放課後トップレディ、誕生! ④

 ――記者会見が終了した後、母は「これからのことについて村上さんと打ち合わせしたいから、先に上に行ってるわね」と言って、エレベーターで重役フロアーである三十四階へ上がっていった。


「――あ、久保さん。司会進行お疲れさまでした!」


 わたしは貢と一緒に、父の葬儀に続いてこの会見の司会を務めてくれた貢の同期に声をかけた。

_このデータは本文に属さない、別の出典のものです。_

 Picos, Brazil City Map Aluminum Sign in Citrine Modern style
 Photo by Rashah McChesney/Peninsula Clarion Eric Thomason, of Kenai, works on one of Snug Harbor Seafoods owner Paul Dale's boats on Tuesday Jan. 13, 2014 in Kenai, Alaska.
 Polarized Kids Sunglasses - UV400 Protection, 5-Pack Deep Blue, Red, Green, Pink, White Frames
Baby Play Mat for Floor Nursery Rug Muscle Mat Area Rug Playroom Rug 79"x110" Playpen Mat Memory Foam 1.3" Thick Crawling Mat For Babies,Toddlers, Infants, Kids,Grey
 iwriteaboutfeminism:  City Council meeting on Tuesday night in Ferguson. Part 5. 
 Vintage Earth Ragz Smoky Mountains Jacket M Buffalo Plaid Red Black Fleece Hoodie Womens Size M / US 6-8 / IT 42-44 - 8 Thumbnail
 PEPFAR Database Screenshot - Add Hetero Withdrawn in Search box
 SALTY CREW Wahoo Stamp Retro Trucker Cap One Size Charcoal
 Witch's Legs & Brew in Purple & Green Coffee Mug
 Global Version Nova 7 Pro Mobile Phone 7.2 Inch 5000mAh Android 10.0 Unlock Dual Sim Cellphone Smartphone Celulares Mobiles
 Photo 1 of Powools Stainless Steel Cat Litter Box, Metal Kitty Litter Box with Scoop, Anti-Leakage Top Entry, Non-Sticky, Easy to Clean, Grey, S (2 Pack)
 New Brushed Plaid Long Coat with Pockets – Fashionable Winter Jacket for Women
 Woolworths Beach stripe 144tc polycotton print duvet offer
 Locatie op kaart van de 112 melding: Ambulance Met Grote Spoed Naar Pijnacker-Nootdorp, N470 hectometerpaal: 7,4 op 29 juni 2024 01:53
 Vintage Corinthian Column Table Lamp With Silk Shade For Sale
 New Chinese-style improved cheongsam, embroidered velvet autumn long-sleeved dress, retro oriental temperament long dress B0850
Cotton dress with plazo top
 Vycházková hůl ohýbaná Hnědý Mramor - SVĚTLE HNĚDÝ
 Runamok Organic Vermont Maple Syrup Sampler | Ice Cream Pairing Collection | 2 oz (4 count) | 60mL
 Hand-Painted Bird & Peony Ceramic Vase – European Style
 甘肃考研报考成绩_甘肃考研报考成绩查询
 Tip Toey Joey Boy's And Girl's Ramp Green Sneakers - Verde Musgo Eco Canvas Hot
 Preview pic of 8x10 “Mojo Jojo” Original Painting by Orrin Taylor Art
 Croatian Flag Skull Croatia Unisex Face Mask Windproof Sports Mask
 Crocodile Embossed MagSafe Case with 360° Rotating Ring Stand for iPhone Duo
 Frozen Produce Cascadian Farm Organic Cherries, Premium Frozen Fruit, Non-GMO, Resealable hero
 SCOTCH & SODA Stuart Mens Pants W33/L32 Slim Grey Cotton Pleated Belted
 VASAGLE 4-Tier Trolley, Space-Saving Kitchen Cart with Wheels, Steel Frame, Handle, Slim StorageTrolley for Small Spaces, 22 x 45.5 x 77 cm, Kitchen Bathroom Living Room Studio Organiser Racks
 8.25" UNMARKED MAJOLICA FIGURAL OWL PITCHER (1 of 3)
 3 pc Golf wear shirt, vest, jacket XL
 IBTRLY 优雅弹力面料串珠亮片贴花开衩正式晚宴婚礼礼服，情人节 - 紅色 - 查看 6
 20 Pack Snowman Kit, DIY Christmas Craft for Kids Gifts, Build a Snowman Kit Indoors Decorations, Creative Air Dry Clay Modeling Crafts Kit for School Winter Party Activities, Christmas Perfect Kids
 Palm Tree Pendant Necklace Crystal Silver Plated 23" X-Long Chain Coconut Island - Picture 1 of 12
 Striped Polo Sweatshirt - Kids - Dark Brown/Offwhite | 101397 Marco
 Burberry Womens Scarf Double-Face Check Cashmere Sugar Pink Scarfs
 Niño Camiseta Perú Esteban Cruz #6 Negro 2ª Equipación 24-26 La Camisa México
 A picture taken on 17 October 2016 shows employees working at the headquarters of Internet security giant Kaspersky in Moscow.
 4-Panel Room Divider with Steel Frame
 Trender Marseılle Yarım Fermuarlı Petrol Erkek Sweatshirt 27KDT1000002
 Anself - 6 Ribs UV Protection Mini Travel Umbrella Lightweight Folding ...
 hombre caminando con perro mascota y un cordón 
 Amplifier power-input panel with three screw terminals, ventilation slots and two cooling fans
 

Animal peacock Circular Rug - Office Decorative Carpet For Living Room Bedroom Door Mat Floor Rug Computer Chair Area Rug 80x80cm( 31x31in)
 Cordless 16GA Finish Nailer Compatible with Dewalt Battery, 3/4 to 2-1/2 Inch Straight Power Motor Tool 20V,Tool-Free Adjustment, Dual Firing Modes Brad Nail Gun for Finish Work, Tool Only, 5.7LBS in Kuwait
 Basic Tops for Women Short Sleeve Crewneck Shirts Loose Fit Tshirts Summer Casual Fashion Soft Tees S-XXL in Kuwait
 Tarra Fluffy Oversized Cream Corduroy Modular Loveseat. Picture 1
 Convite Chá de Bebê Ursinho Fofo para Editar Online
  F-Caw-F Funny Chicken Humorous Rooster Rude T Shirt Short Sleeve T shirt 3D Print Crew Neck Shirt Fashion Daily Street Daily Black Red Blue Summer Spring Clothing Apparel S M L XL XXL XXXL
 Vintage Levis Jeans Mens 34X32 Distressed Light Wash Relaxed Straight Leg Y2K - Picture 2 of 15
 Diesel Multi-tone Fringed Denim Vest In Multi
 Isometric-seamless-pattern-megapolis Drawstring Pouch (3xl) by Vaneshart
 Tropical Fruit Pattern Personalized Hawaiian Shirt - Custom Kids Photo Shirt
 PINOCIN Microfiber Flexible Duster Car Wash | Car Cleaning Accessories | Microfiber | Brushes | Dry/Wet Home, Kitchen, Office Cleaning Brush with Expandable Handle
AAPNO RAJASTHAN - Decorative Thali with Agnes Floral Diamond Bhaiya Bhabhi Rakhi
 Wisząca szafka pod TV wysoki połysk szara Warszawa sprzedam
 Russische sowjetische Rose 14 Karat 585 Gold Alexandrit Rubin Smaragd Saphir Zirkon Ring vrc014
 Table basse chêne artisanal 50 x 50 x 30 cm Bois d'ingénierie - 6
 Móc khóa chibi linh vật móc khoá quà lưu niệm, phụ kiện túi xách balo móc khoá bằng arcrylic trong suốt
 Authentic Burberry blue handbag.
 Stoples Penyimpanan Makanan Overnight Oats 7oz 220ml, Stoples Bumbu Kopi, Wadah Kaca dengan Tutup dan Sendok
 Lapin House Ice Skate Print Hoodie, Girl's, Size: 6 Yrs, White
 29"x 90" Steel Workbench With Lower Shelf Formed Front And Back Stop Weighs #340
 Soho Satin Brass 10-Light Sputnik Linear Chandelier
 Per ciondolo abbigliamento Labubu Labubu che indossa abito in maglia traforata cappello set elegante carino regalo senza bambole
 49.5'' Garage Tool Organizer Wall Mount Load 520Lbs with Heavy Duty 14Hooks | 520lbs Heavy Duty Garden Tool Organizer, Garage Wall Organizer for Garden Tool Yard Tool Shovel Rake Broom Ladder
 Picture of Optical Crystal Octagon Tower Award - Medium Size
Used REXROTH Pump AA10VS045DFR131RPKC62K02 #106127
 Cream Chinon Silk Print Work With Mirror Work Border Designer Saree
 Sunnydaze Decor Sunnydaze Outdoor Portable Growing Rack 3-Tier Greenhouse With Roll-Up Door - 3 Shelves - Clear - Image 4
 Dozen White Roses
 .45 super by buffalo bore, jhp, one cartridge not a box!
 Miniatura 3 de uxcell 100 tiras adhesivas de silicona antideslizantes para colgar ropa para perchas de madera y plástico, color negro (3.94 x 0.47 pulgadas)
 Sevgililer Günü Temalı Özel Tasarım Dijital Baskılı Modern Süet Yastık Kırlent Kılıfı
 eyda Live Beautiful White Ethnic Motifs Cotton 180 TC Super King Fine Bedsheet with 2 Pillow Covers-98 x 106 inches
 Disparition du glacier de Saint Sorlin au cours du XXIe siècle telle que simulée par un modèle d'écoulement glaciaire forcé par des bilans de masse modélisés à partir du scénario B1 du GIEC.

「会長! お疲れさまです。桐島も。わざわざどうされたんですか?」


「貴方の進行がよかったおかげで、記者会見がスムーズにできました。ありがとうございました。父もよくこうして社員の頑張りをねぎらっていたそうなんで、わたしもそれにならってみたんです」


 仕事に当たり前のことなんてないんだ、と父もよく言っていた。だから頑張った社員はちゃんと評価していたし、ミスをした社員がいたとしても厳しく叱責しっせきせず、必ず挽回ばんかいのチャンスをあげていたそうだ。願わくば、わたしもそうでありたい。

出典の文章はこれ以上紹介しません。